MK Diskualifikasi Semua Paslon Pilkada Barito Utara, Pilkada Ulang Diperintahkan
Glery Lazuardi May 15, 2025 09:34 AM

TRIBUNNEWS.COM, BARITO UTARA - Mahkamah Konstitusi (MK) mendiskualifikasi semua pasangan calon (paslon) bupati dan wakil dalam pemilihan kepala daerah atau Pilkada 2024 di Kabupaten Barito Utara, Kalimantan Tengah. 

Dua paslon yang didiskualifikasi itu yakni pasangan nomor urut 1, H Gogo Purman Jaya-Hendro Nakalelo atau Gogo-Helo, serta paslon nomor urut 2, Akhmad Gunadi Nadalsyah-Sastra Jaya. Keduanya didiskualifikasi karena terbukti melakukan praktik politik uang.

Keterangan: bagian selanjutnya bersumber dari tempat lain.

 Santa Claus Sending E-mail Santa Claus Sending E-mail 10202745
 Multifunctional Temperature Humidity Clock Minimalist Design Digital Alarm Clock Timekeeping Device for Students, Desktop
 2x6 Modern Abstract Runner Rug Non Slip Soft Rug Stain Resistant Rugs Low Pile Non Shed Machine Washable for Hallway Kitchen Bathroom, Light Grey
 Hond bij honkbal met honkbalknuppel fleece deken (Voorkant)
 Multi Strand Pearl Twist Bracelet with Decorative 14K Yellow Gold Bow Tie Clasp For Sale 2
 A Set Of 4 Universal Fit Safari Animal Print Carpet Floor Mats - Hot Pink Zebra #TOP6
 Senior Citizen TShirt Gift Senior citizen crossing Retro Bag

"Menyatakan diskualifikasi pasangan calon bupati dan wakil bupati nomor urut 1 dan pasangan calon bupati dan wakil bupati nomor urut 2 dari kepesertaan dalam Pemilihan Bupati dan Wakil Bupati barito Utara Tahun 2024," ujar Ketua MK Suhartoyo dalam sidang pengucapan putusan di Gedung MK, Jakarta,  Rabu (14/5).

Dalam putusan poin ketiga, MK membatalkan Keputusan KPU Kabupaten Barito Utara Nomor 821 Tahun 2024 tentang Penetapan Hasil Pemilihan Bupati dan Wakil Bupati Barito Utara Tahun 2024 tertanggal 4 Desember 2024 dan Keputusan KPU Kabupaten Barito Utara Nomor 16 Tahun 2025 tentang Perubahan Keputusan KPU Kabupaten Barito Utara Nomor 821 Tahun 2024 tentang Penetapan Hasil Pemilihan Bupati dan Wakil Bupati Barito Utara Tahun 2024 tertanggal 24 Maret 2025.

Putusan ini berbuntut pada Komisi Pemilihan Umum (KPU) harus melakukan pelaksanaan pilkada ulang dalam jangka waktu 90 hari dengan pasangan calon (paslon) yang baru. MK juga memerintahkan kepada KPU RI untuk melakukan supervisi dan koordinasi dengan KPU Provinsi Kalimantan Tengah dan KPU Kabupaten Barito Utara dalam rangka pelaksanaan amar putusan ini.

Selain itu MK juga memerintahkan kepada Bawaslu RI untuk melakukan supervisi dan koordinasi dengan Bawaslu Provinsi Kalimantan Tengah dan Bawaslu Kabupaten Barito Utara dalam rangka pelaksanaan amar putusan ini. 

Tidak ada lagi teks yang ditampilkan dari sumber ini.